Sekarang sudah jam 9 malam, dan Seli belum bangun juga. Tadi aku sempat menelpon mama Seli, tapi dia masih harus kerja.
"Maaf Ra, Tante telat. Banyak kerjaan soalnya." Kata mama Seli sambil beranjak di kursi dekat ranjang.
"Tadi Seli ke sini sama kamu?"
"Ngga Te, sama Kak William, kakak kelas kami." Jawab Raib seadanya.
Karena dari jam 7 malam tadi, kak William udah pulang.
"Udah dari kapan di pingsan?" Tanyanya lagi.
"Kurang lebih 4 jam yang lalu Te.
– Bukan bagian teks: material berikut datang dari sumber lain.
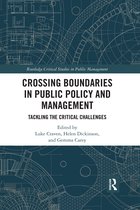 Routledge Critical Studies in Public Management- Crossing Boundaries in Public Policy and Management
Katanya kalau besok dia gak bangun harus di bawa ke ruang ICU." Jelas Raib.
Mama Seli sekarang udah nangis di sebelah ranjang Seli, jelas dia mama Seli.
Mungkin dia juga merasa bersalah atas kelakuannya kemarin malam pada Seli.
Tak seharusnya seorang ibu menghakimi anaknya yang tak bersalah sama sekali.
****
Jam 10 Malam.....
Di jam sepuluh malam, tiba tiba Seli ngedrop dan terpaksa harus di bawa ke ruang ICU.
Sekarang Seli lagi koma. Kasian sekali sahabat ku itu.
"Seli, harus segera scan otak." Kata Dokter.
"Maksudnya?" Tanya mama Seli kaget.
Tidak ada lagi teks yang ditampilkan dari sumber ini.